As we often talk about our many valued relationships, I’m pleased to share that Toro recently extended its agreement as the preferred supplier of equipment in irrigation for the PGA European tour, continuing a successful partnership that began in 2000. Through this relationship, we provide product support and expertise to ensure all venues on the European tour are in top condition for tournament play.

Moving to the landscape contractor and grounds category, after a strong first half our business like most of the industry experienced a slight retail slowdown over the last three months. This can be attributed to a variety of external factors, including adverse weather in key sales regions, continued fluctuation in fuel prices and a sluggish economy. Nonetheless, landscape retail remains ahead of last year’s pace. Our channel partners and end-user customers maintain an optimistic outlook related to current and future retail performance, and product confidence is extremely high.
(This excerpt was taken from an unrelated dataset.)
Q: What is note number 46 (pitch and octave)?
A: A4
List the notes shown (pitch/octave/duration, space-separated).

We received a very positive feedback on our Toro and Exmark stand on mowers, especially pertaining to operator comfort and quality of cut. We have also been pleased by the significant the level of retail momentum building for our electronic fuel injection products, which enable contractors to realize significant fuel savings.
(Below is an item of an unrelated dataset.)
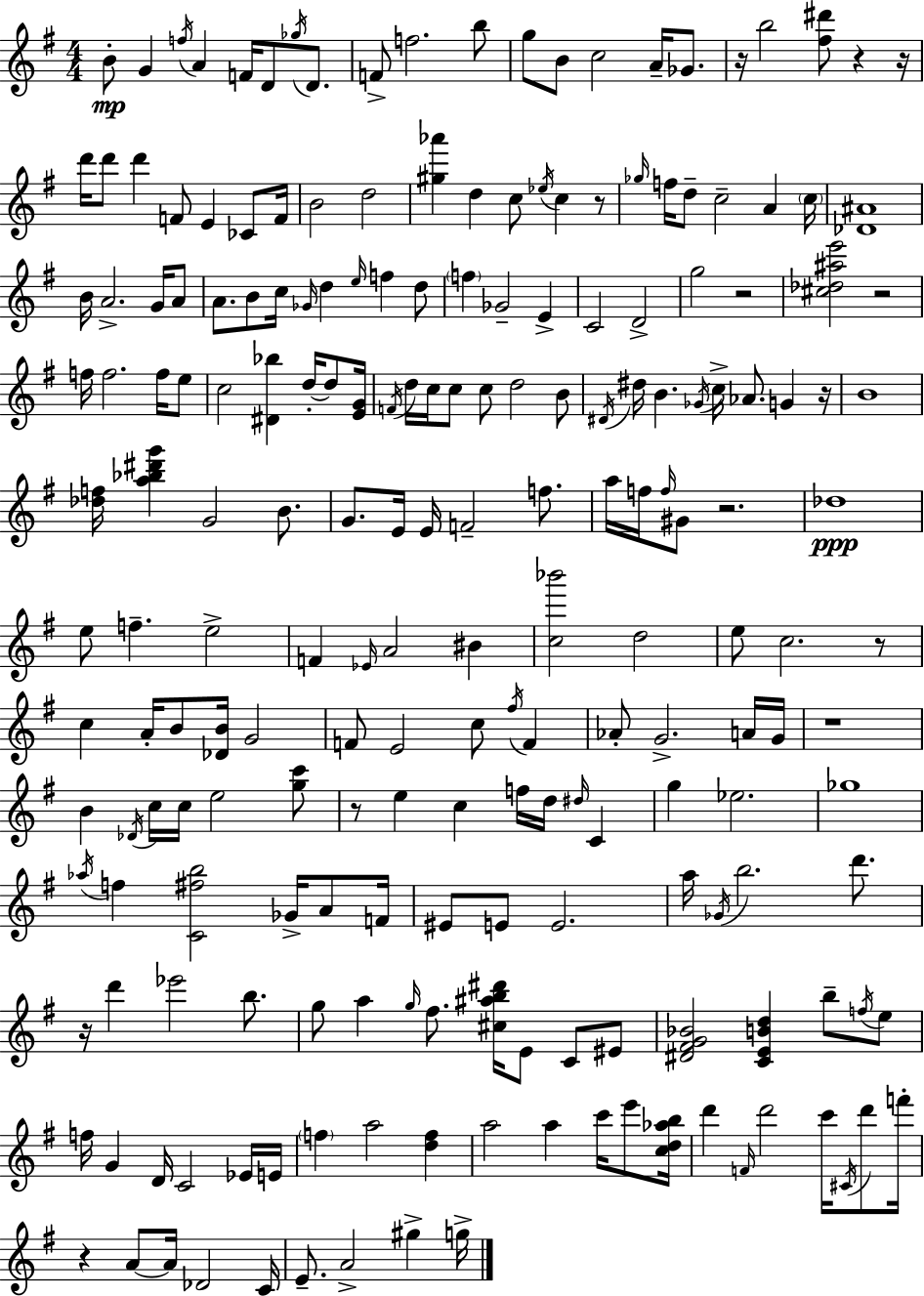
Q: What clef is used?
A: treble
As for municipalities, they continue to cope with the soft economy. Tax revenues have improved somewhat, and more states still face budget deficit challenges. Last month, we hosted Grounds Professional [ph] here at our headquarters. Most attendees on the municipal side reduced staff last year and projected their portion of new budgets would be flat. But on a positive note, state and local governments are making purchases of highly productive large rotary mowers, including new products like our innovative Groundsmaster 360.

Even though the economy and housing market remains soft, our residential and commercial irrigation business has done well in making up business lost earlier in the year due to the poor weather. Our success is based on strong support from distribution and industry-leading innovation that is helping advance our position in this critical space.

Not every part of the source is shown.